[Work task] Every single entry that follows must be copied exactly.

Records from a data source
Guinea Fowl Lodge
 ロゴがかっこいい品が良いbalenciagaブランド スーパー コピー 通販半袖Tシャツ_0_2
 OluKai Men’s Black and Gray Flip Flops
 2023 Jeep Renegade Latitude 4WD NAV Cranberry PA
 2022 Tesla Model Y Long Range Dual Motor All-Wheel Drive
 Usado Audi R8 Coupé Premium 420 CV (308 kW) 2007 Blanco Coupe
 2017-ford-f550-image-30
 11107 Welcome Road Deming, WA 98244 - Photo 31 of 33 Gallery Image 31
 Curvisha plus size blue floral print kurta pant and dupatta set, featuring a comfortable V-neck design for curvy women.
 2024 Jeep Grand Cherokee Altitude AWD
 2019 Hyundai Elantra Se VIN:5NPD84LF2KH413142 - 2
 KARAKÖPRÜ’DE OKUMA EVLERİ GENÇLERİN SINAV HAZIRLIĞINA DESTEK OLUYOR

[Exercise answer]
Guinea Fowl Lodge
 ロゴがかっこいい品が良いbalenciagaブランド スーパー コピー 通販半袖Tシャツ_0_2
 OluKai Men’s Black and Gray Flip Flops
 2023 Jeep Renegade Latitude 4WD NAV Cranberry PA
 2022 Tesla Model Y Long Range Dual Motor All-Wheel Drive
 Usado Audi R8 Coupé Premium 420 CV (308 kW) 2007 Blanco Coupe
 2017-ford-f550-image-30
 11107 Welcome Road Deming, WA 98244 - Photo 31 of 33 Gallery Image 31
 Curvisha plus size blue floral print kurta pant and dupatta set, featuring a comfortable V-neck design for curvy women.
 2024 Jeep Grand Cherokee Altitude AWD
 2019 Hyundai Elantra Se VIN:5NPD84LF2KH413142 - 2
 KARAKÖPRÜ’DE OKUMA EVLERİ GENÇLERİN SINAV HAZIRLIĞINA DESTEK OLUYOR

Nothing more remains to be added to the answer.